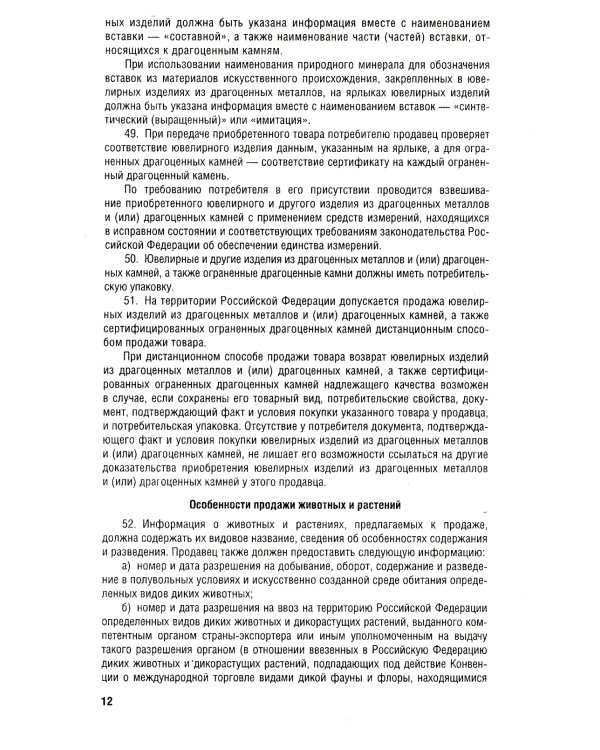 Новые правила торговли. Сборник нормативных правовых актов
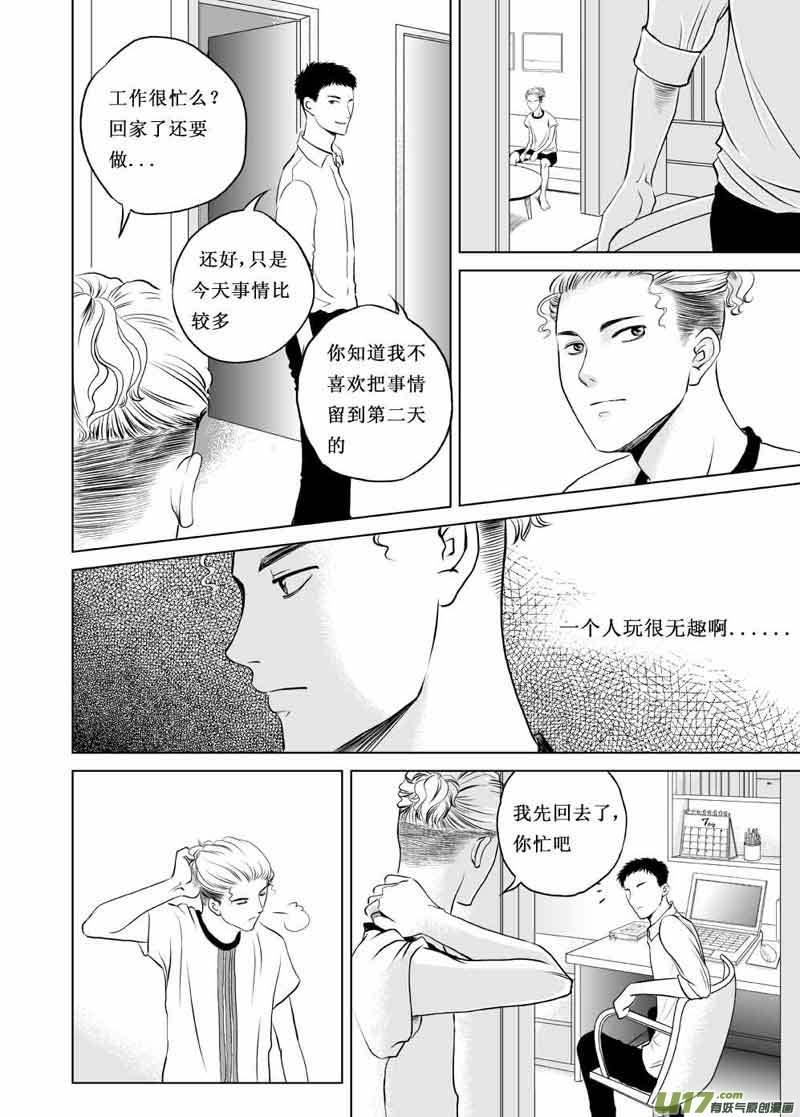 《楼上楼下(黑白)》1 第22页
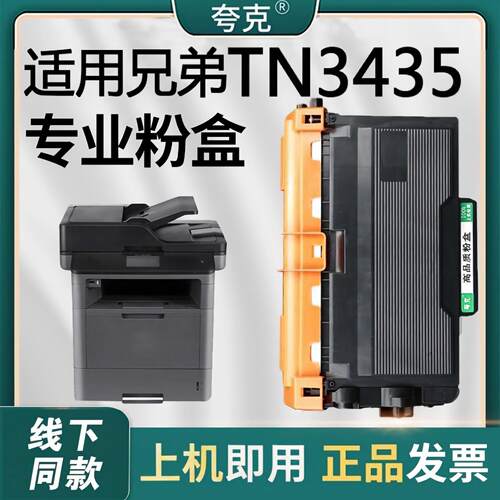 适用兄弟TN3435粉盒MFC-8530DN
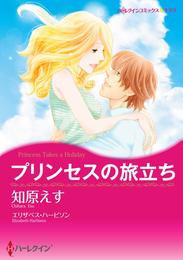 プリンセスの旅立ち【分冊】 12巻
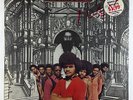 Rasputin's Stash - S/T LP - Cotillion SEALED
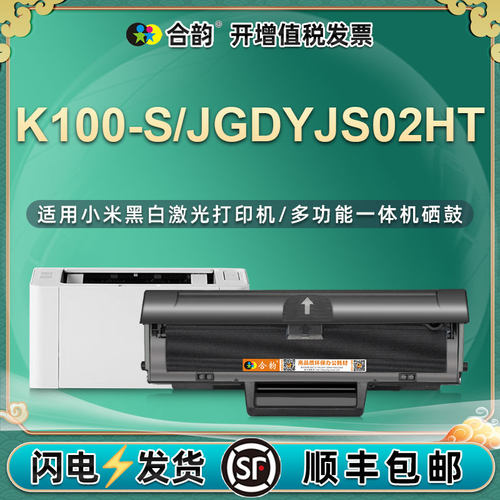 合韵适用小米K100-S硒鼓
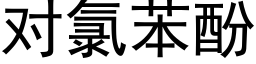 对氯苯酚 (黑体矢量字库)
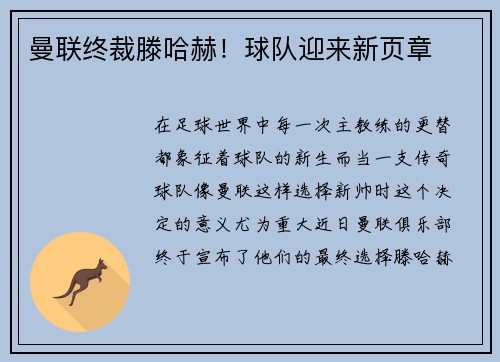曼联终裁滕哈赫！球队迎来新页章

——

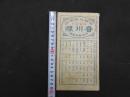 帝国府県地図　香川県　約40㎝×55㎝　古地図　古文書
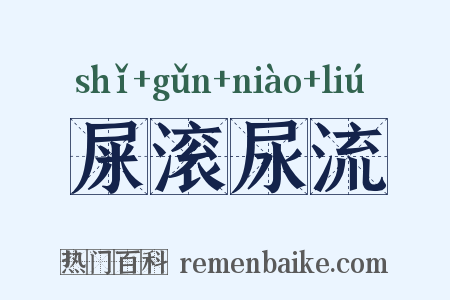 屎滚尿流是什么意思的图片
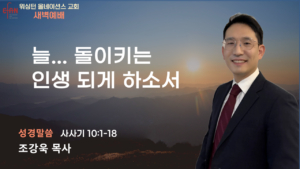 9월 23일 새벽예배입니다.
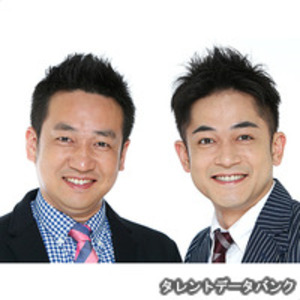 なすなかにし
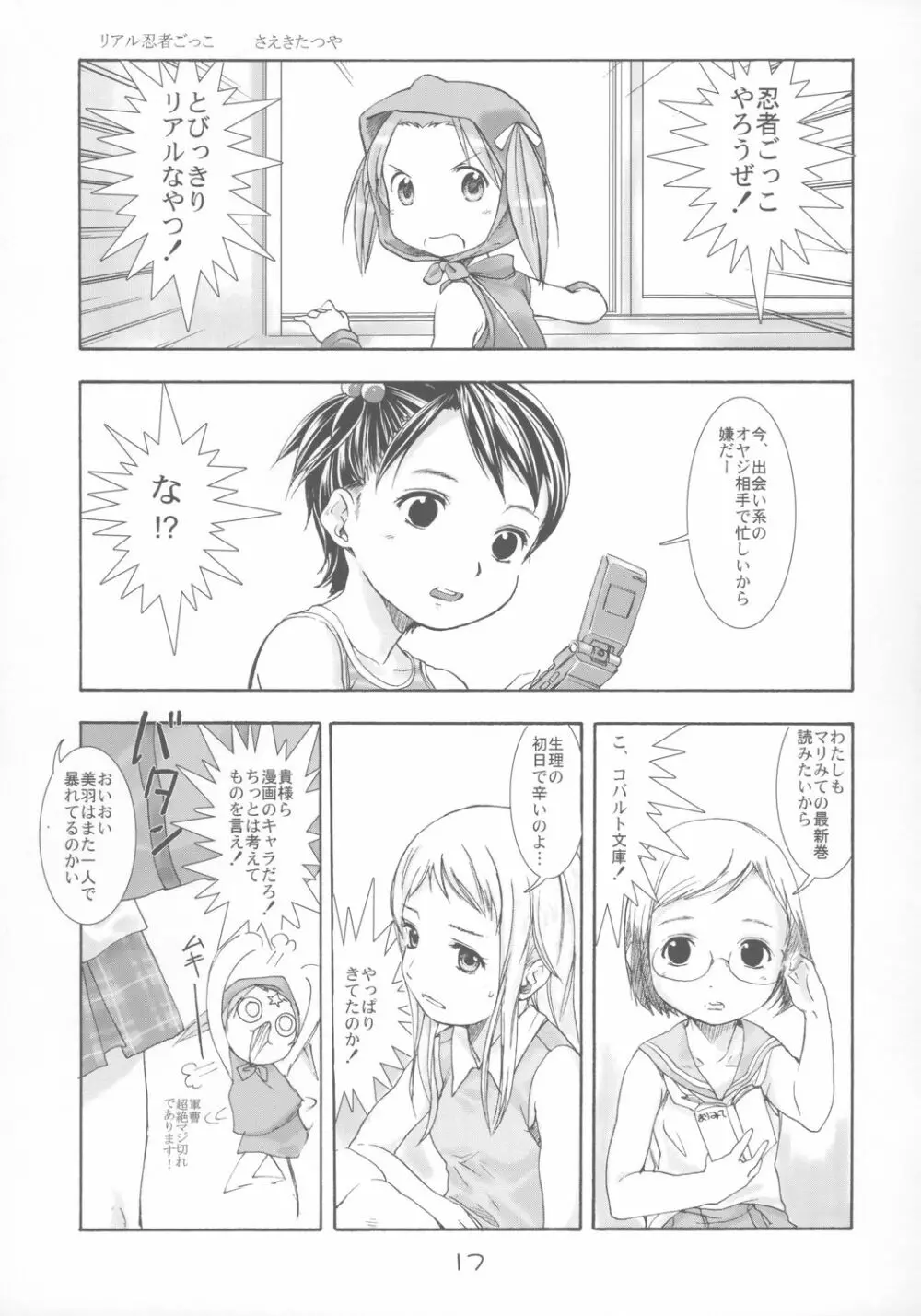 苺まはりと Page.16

——

## Task requirements
If a picture sits between the line containing "Новые правила торговли." and the line containing "曼联终裁滕哈赫！球队迎来新页章", leave it out, and return the lines of that range above exactly, both ends included.

## Your response
 Новые правила торговли. Сборник нормативных правовых актов
 《楼上楼下(黑白)》1 第22页
 适用兄弟TN3435粉盒MFC-8530DN
 プリンセスの旅立ち【分冊】 12巻
 Rasputin's Stash - S/T LP - Cotillion SEALED
 合韵适用小米K100-S硒鼓
 对氯苯酚 (黑体矢量字库)
曼联终裁滕哈赫！球队迎来新页章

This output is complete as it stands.